All pictures are to be dropped, and the remaining data set down exactly.
══ Data segment
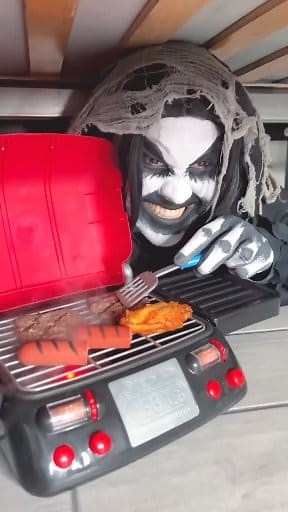 Monster cooks on the grill 🍖👻 #Monster #funny #reels #reelsvideo #reelsfb #funnyreels #funnymoments #funnyvideo #usa #TeamUSA #funnymemes #funnyface #funnystuff #funnyday #funnyanimals #funnyfaces #funnyvines #funnyclips #FunnyCats #funnydog #funnycomics #funnyvideos #reelsviral #reels2023 #reelsusa #reelsfypシ #reelsinstagram #reelsplay #funnyfanreels #trending #loveislove #virals #humor #duet #tiktokus #shorts | Yoeslan Reels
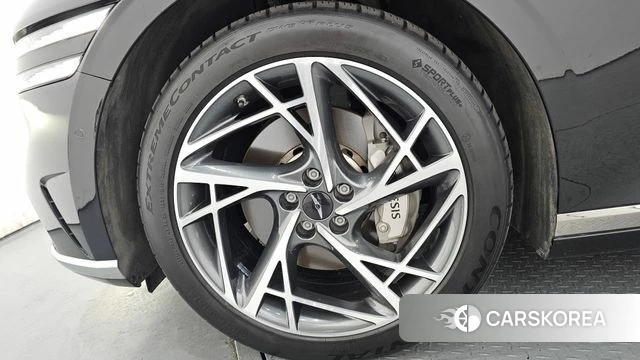 Genesis G90 (RS4) id 3841800 из Кореи 15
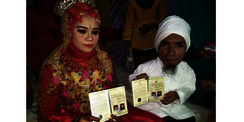 Viral, Pria dengan Keterbatasan Fisik Nikahi Gadis 18 Tahun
════
§ Reply
 Monster cooks on the grill 🍖👻 #Monster #funny #reels #reelsvideo #reelsfb #funnyreels #funnymoments #funnyvideo #usa #TeamUSA #funnymemes #funnyface #funnystuff #funnyday #funnyanimals #funnyfaces #funnyvines #funnyclips #FunnyCats #funnydog #funnycomics #funnyvideos #reelsviral #reels2023 #reelsusa #reelsfypシ #reelsinstagram #reelsplay #funnyfanreels #trending #loveislove #virals #humor #duet #tiktokus #shorts | Yoeslan Reels
 Genesis G90 (RS4) id 3841800 из Кореи 15
 Viral, Pria dengan Keterbatasan Fisik Nikahi Gadis 18 Tahun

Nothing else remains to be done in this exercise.